Organizations that leverage Machine Learning (ML) and Artificial Intelligence (AI) notice enhanced business efficiency and process improvement, but [the vast majority of data science projects never make it into production](https://venturebeat.com/ai/why-do-87-of-data-science-projects-never-make-it-into-production/). The partnership between MariaDB and MindsDB enables data teams to gain the benefits of machine learning quickly and easily by reducing the complexity of AI projects and providing easy-to-use machine learning tools.

MindsDB models explore MariaDB Cloud data interactively and iteratively while leveraging the cloud to speed up customers' execution of digital transformation journeys.

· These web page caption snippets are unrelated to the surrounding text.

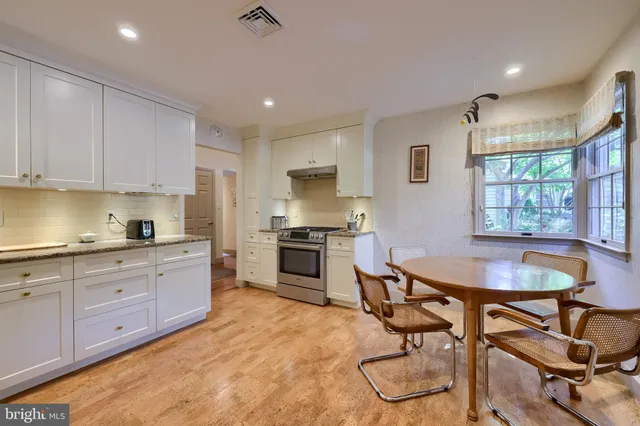 a kitchen with granite countertop a sink cabinets and window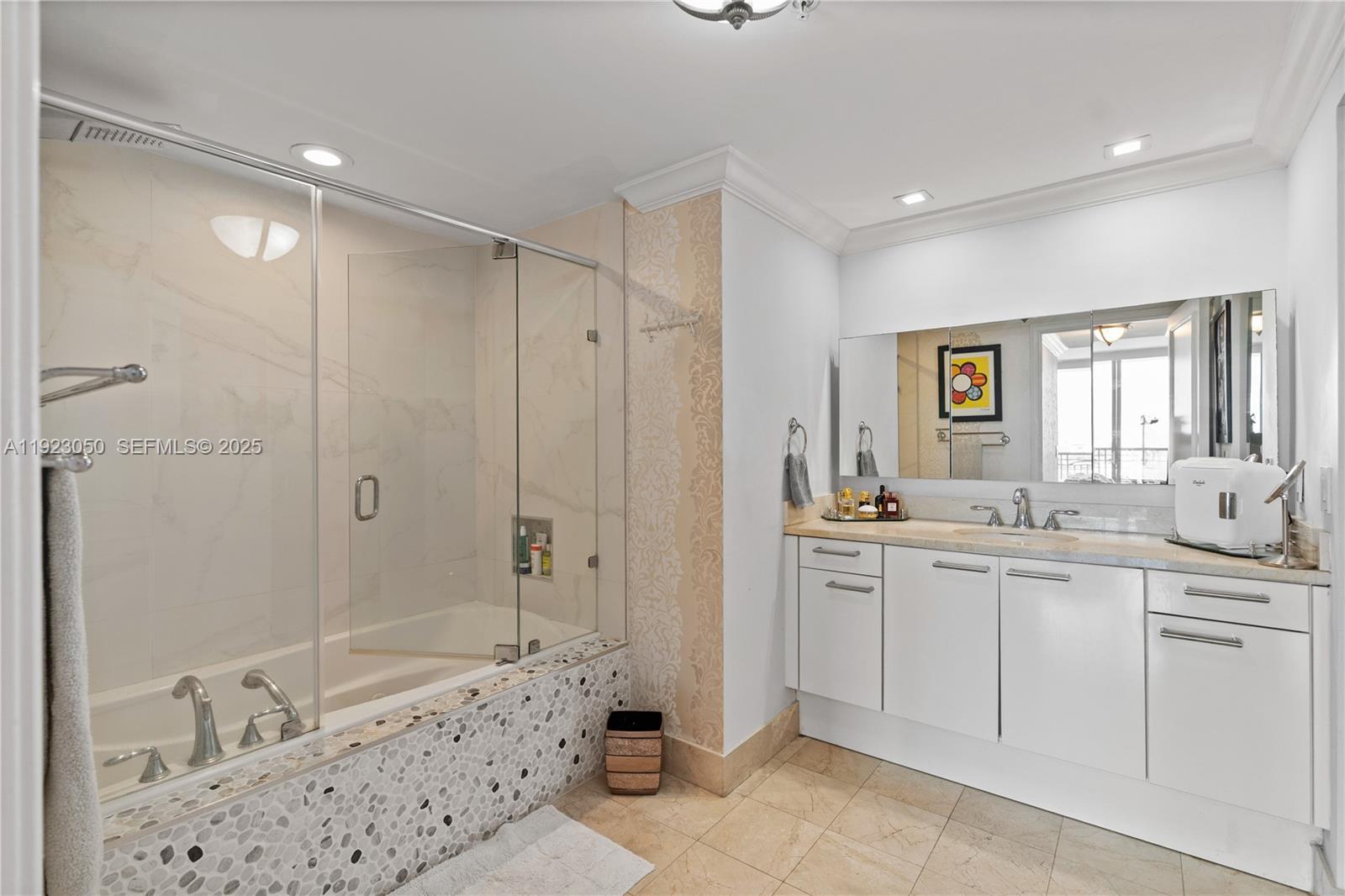 3350 Southwest 27th Avenue, Unit 1706 Coconut Grove, FL 33133 - Photo 18 of 32 a bathroom with a double vanity sink toilet and shower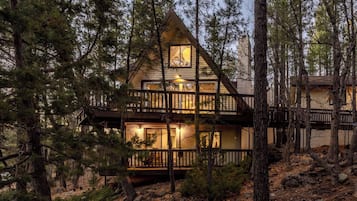 Une cabine avec une façade en bois, plusieurs terrasses et un éclairage intérieur chaleureux.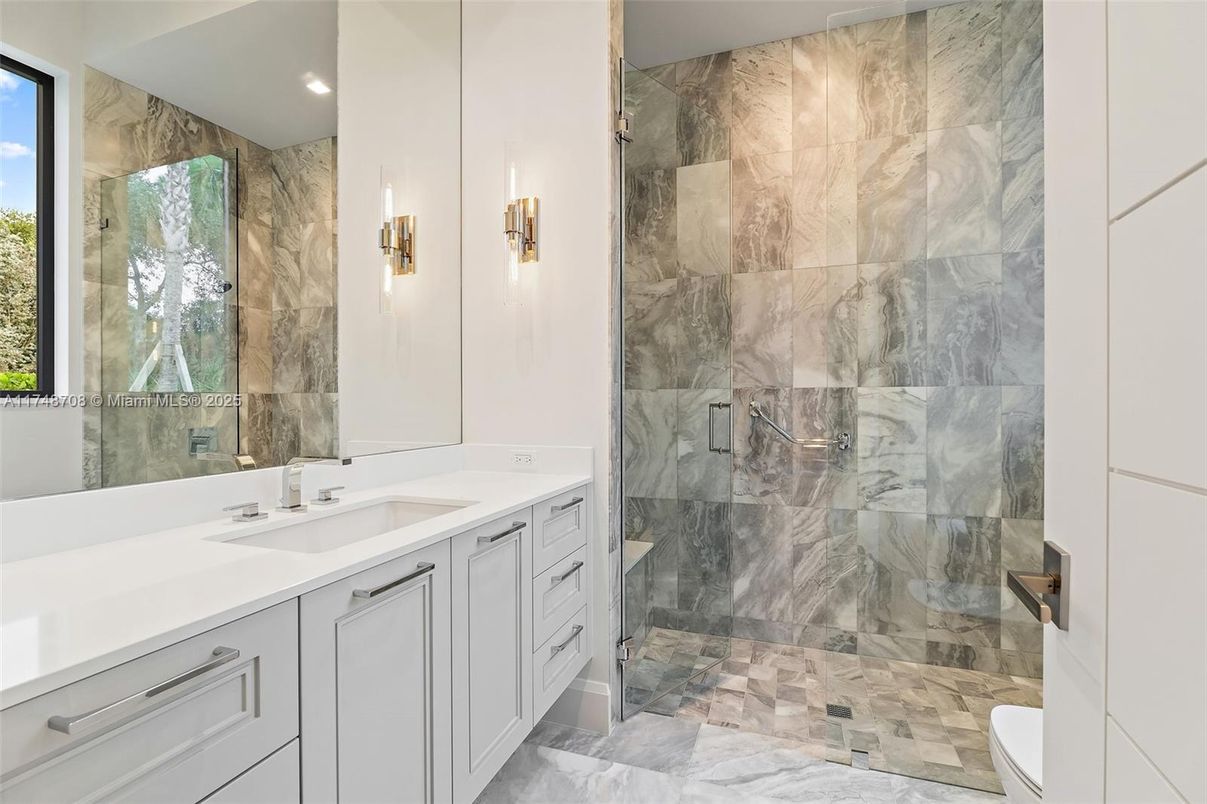 Bathroom, Dual Sink Vanities, Glass Shower, Interior, Marble, Marble Walls, Recessed Lighting
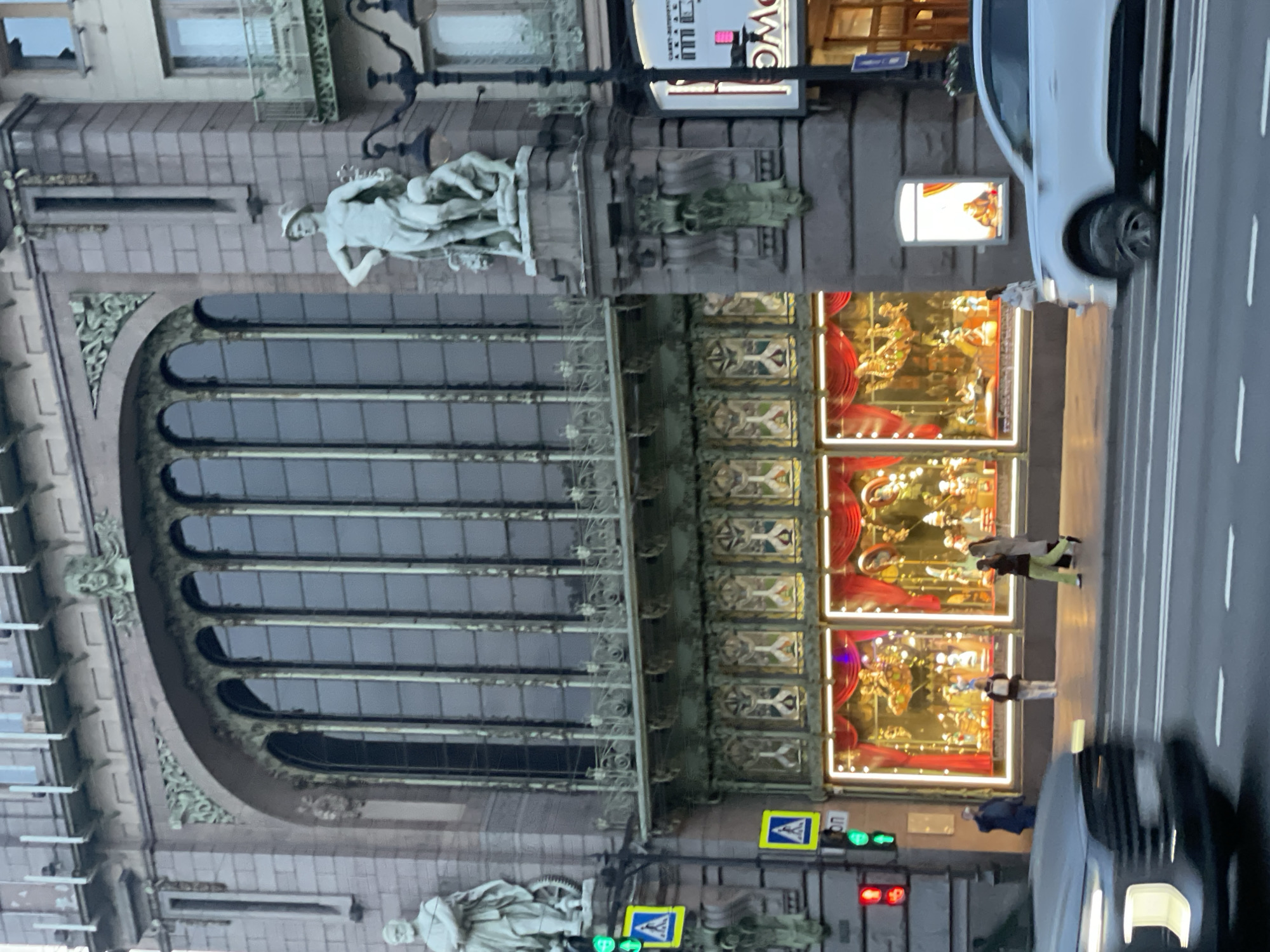 The image depicts a section of Nevsky Prospect in Saint Petersburg, Russia, specifically a portion of the Eliseev Emporium building. The architectural features of the building are visible, including large arched windows, decorative moldings, and sculptures. Several illuminated display windows showcasing decorative merchandise can also be seen. Pedestrians are present on the sidewalk, and vehicles, including cars, are on the road. Traffic lights and crosswalk signs are also visible, indicating an active street scene.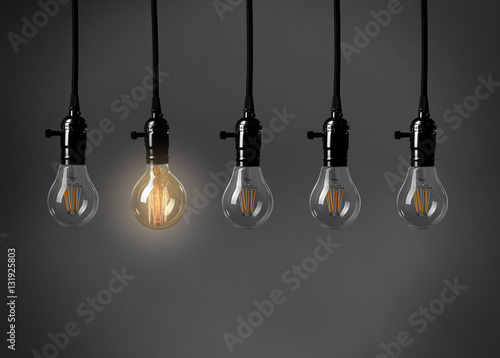 Light bulbs on gray background. Individuality concept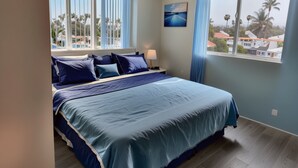 Un dormitorio con una cama grande, dos ventanas con cortinas azules, una mesita de noche con una lámpara y un cuadro en la pared.
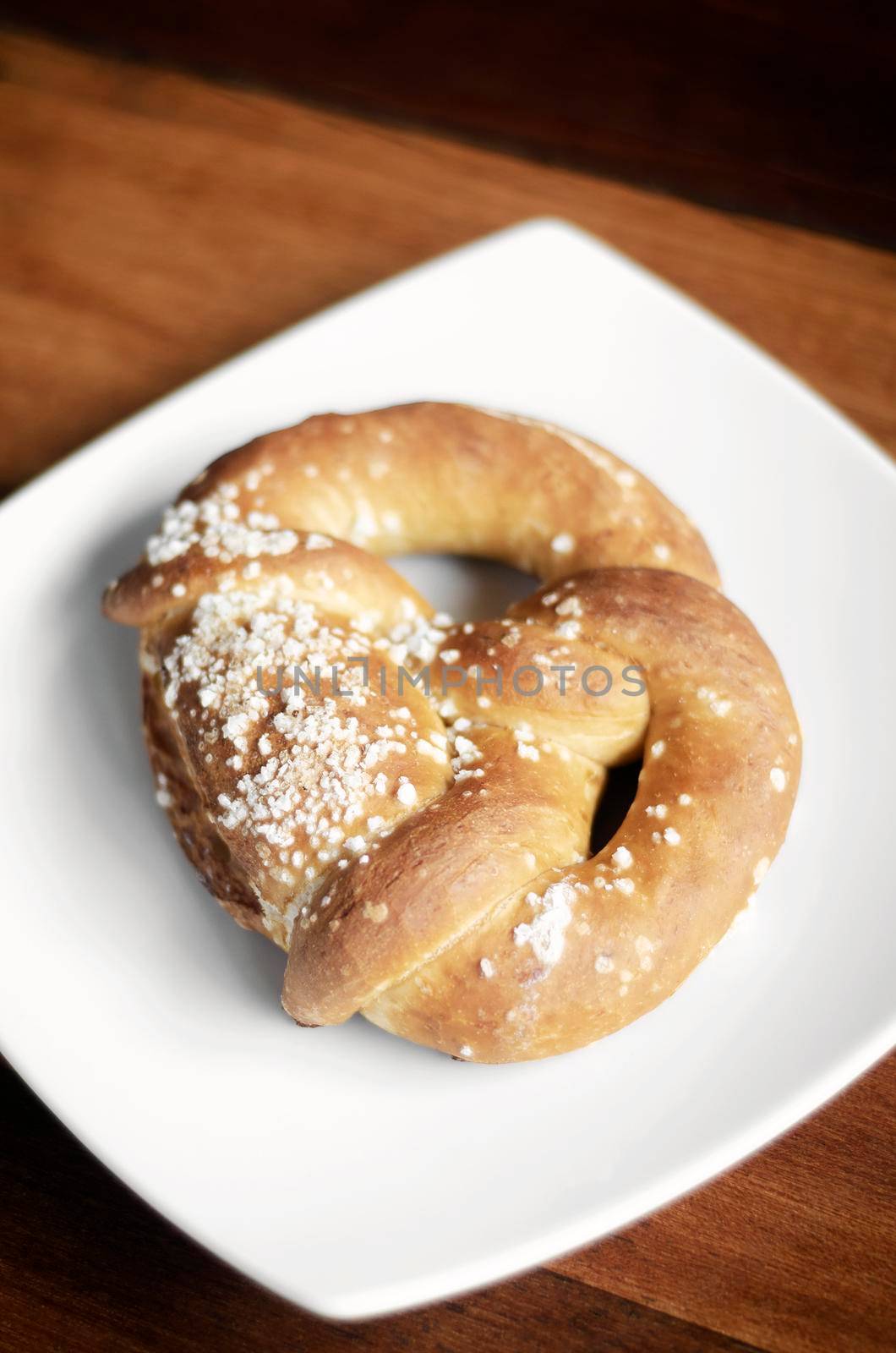 vegan dairy-free organic german pretzel bread on wood table by jackmalipan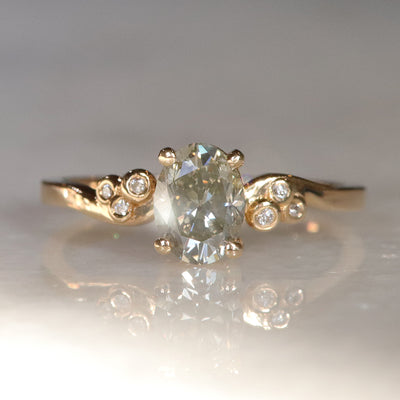 A gold ring with a fancy grey oval diamond at center, flanked by three small round diamonds on each side, lies on a soft white surface.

MariaDB Cloud is a database-as-a-service (DBaaS) enabling you to deploy and manage MariaDB Enterprise Server, Serverless Analytics, or ColumnStore analytical databases with only a few clicks. SkySQL combines automation with human expertise to support and manage mission-critical deployments.

When MindsDB is used with MariaDB Cloud, end-to-end machine learning is available to database services in MariaDB Cloud. MindsDB augments SQL code, so users can create, train, and auto-deploy machine learning models as if they were database tables.

Given the exponential growth of data, machine learning in MariaDB Cloud speeds up decision-making by asking predictive questions in the database itself to get the essential answers you need.

### Setup Procedure

1. [Register for MariaDB Cloud and MindsDB](#step-1-register-for-mariadb-cloud-and-mindsdb)
2. [Connect MariaDB Cloud and MindsDB](#step-2-connect-mariadb-cloud-and-mindsdb)
3. [Create machine learning models](#step-3-create-machine-learning-models)
4. [Flow data into MariaDB Cloud](#step-4-flow-data-into-mariadb-cloud)

### Step 1: Register for MariaDB Cloud and MindsDB

Before using MariaDB Cloud and MindsDB, both services require an account.

#### Register for MariaDB Cloud

MariaDB Cloud requires a [MariaDB ID](/docs/server/server-management/install-and-upgrade-mariadb/installing-mariadb/mariadb-id-sign-up.md) account.

For the full procedure that shows how to quickly create a MariaDB ID account and launch a database service in MariaDB Cloud, see "[Quickstart](/docs/mariadb-cloud/quickstart.md)".

#### Register for MindsDB

MindsDB requires a MindsDB Cloud account.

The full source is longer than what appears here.